ABOUT THIS EXERCISE — From the line containing "Salon Professional Hair" down to the last line of the data, output each line word for word and include nothing else.

-- DATASET SECTION follows --

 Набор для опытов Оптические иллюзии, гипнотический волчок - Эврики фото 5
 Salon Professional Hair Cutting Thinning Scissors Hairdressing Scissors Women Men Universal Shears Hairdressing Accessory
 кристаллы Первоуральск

-- DATASET SECTION concluded --

TASK RESULT —
 Salon Professional Hair Cutting Thinning Scissors Hairdressing Scissors Women Men Universal Shears Hairdressing Accessory
 кристаллы Первоуральск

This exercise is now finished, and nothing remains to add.